**TASK ITEM:** Could you output the listing that follows exactly, without its images?

**PROVIDED DATA:**
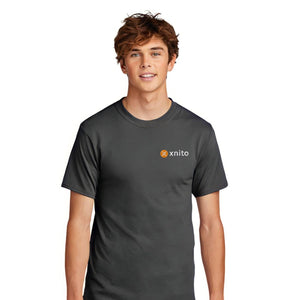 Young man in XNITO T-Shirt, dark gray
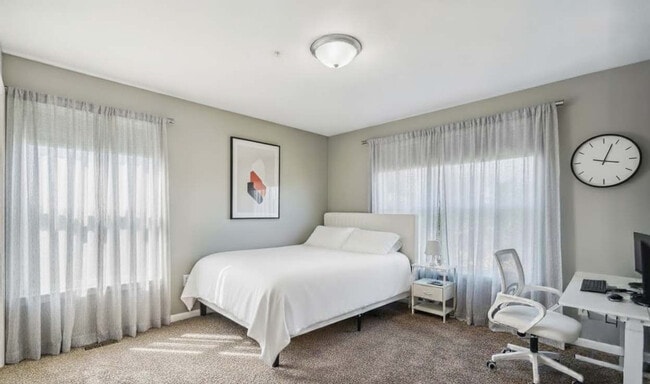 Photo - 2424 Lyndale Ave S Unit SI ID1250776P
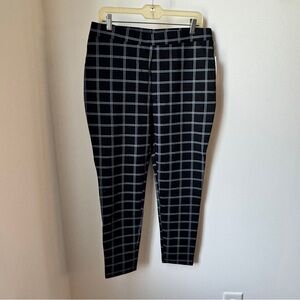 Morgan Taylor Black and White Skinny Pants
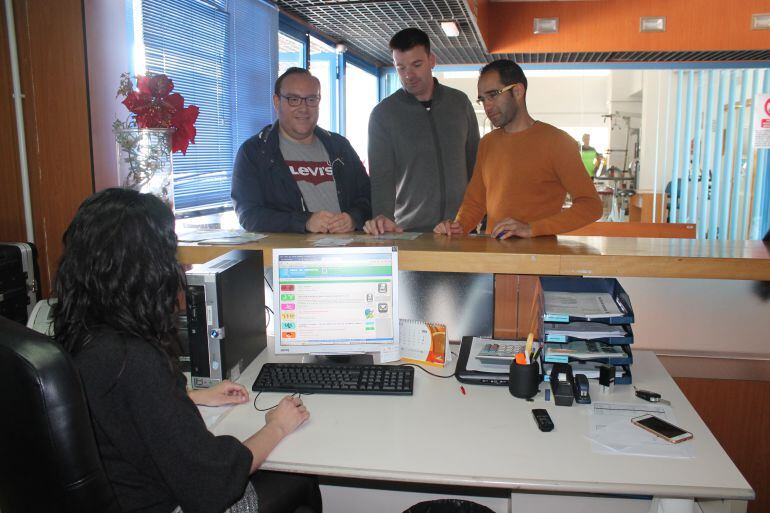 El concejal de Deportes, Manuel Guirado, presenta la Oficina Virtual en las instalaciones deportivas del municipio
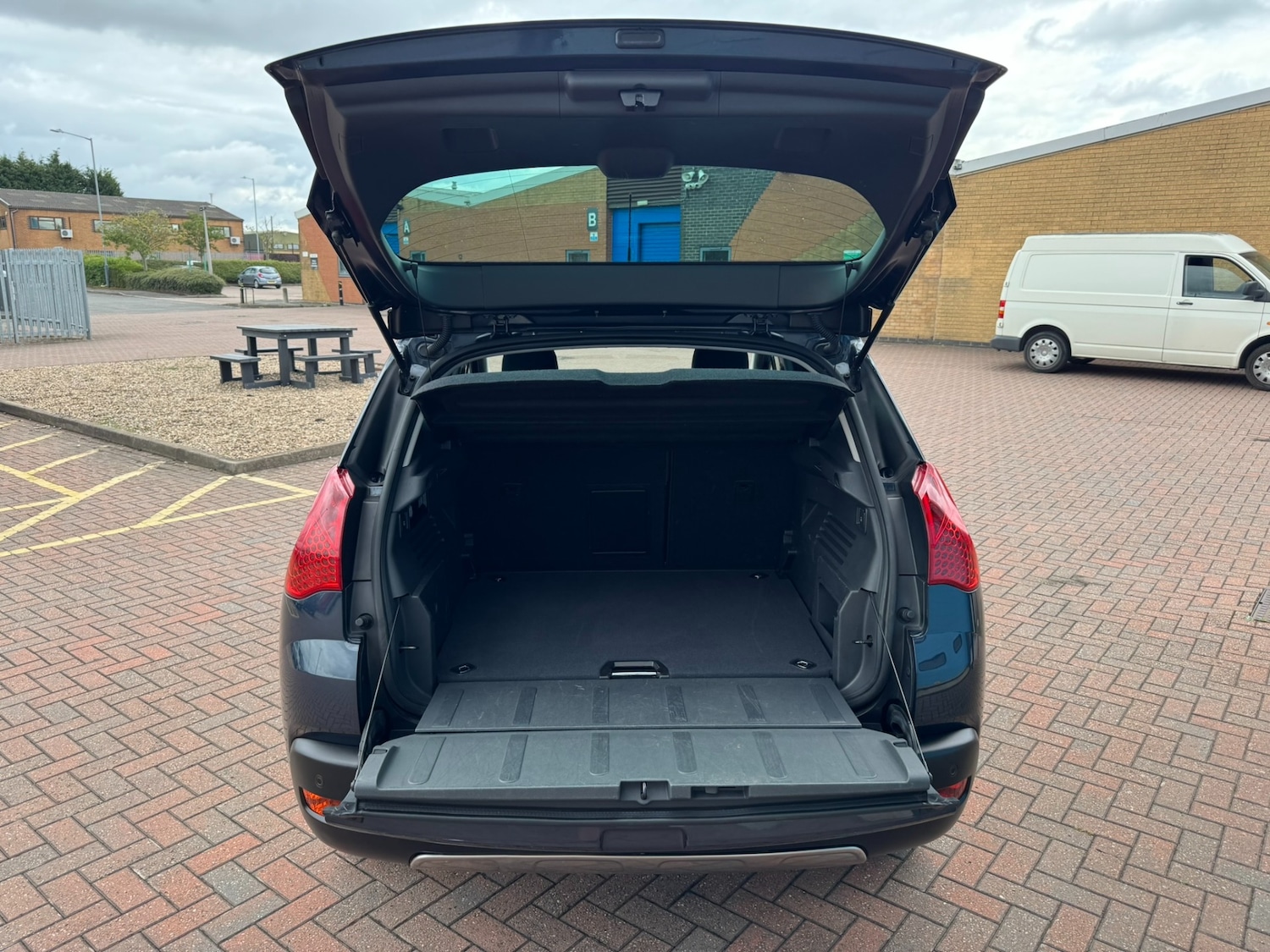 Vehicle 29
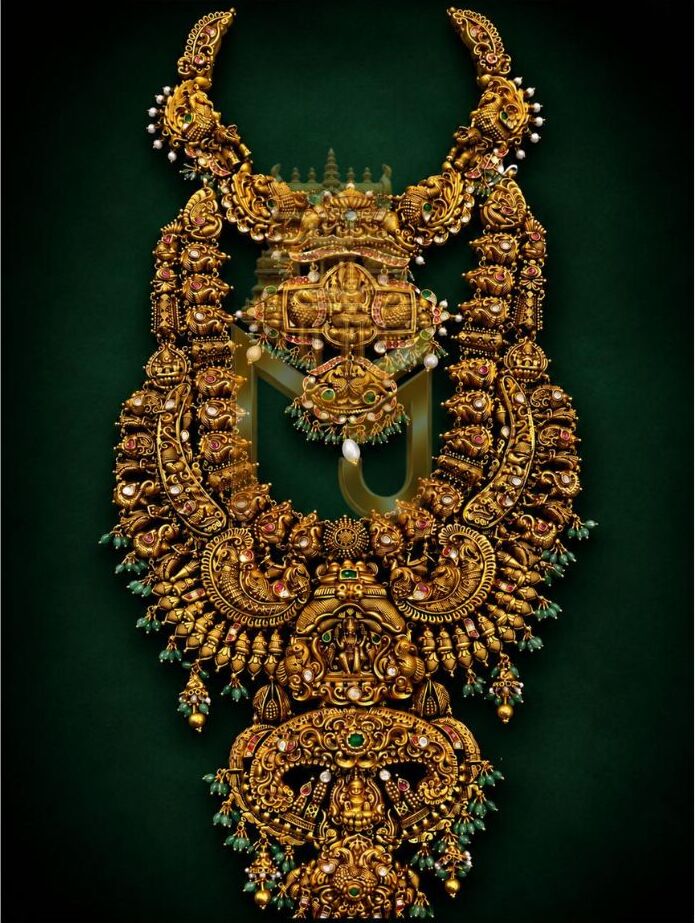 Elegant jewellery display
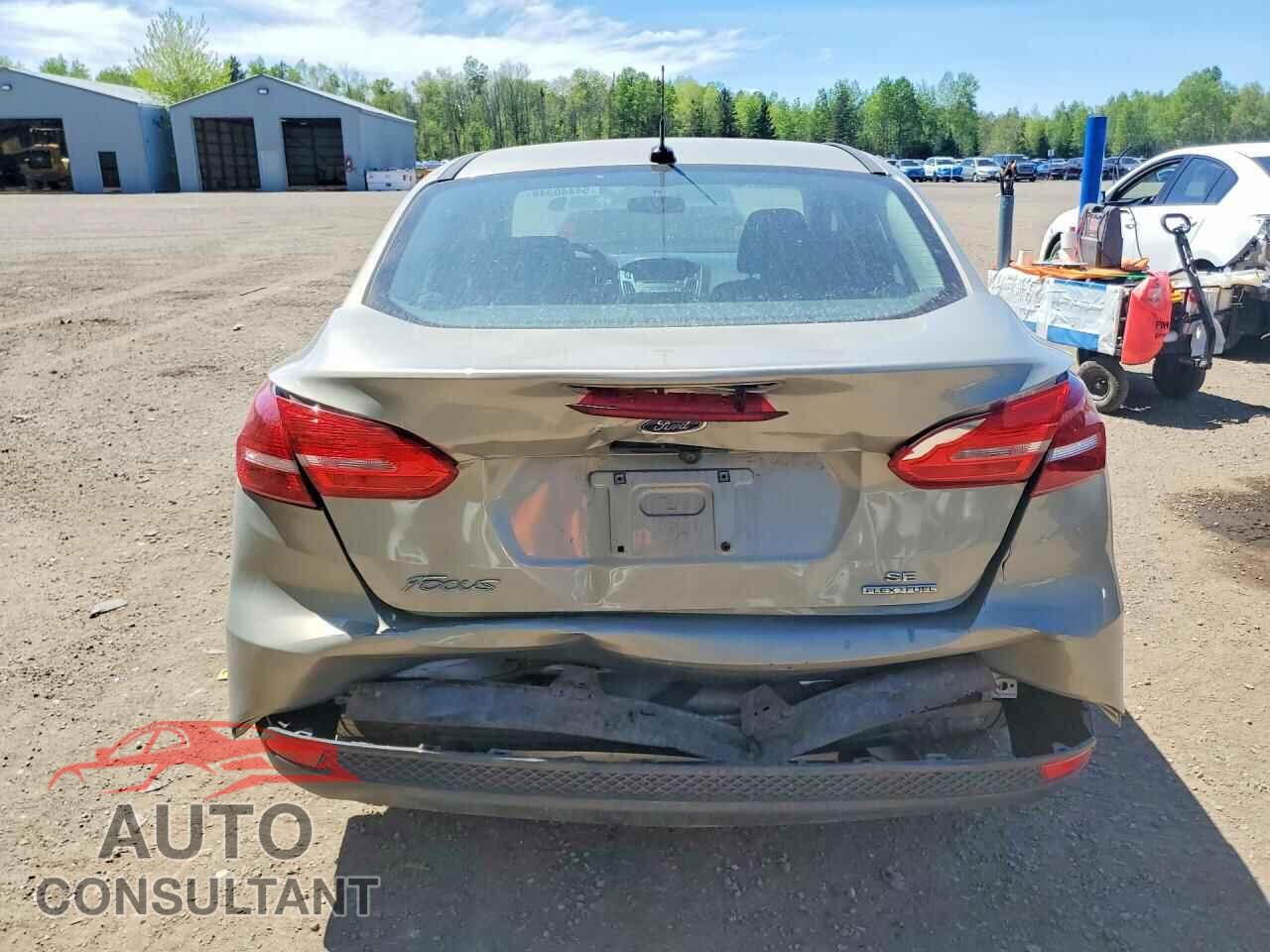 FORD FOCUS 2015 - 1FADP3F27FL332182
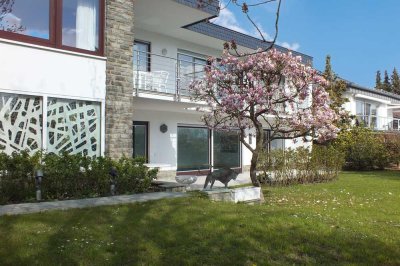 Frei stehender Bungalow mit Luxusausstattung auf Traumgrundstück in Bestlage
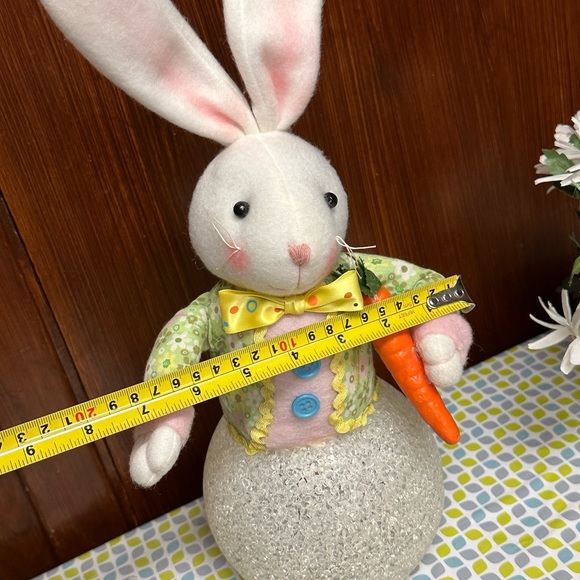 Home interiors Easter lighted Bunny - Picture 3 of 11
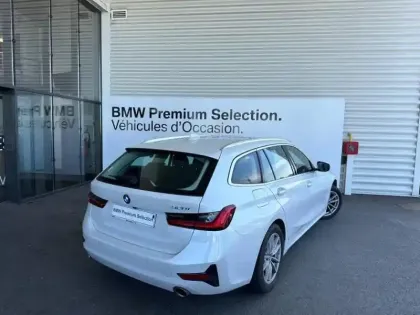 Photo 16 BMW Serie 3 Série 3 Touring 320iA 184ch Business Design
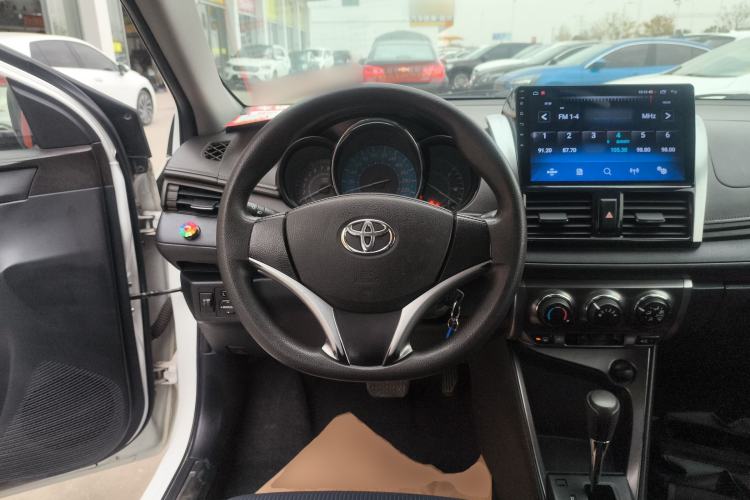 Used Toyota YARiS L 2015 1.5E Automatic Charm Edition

**REPLY TO THE TASK:**
 Young man in XNITO T-Shirt, dark gray
 Photo - 2424 Lyndale Ave S Unit SI ID1250776P
 Morgan Taylor Black and White Skinny Pants
 El concejal de Deportes, Manuel Guirado, presenta la Oficina Virtual en las instalaciones deportivas del municipio
 Vehicle 29
 Elegant jewellery display
 FORD FOCUS 2015 - 1FADP3F27FL332182
 Frei stehender Bungalow mit Luxusausstattung auf Traumgrundstück in Bestlage
 Home interiors Easter lighted Bunny - Picture 3 of 11
 Photo 16 BMW Serie 3 Série 3 Touring 320iA 184ch Business Design
 Used Toyota YARiS L 2015 1.5E Automatic Charm Edition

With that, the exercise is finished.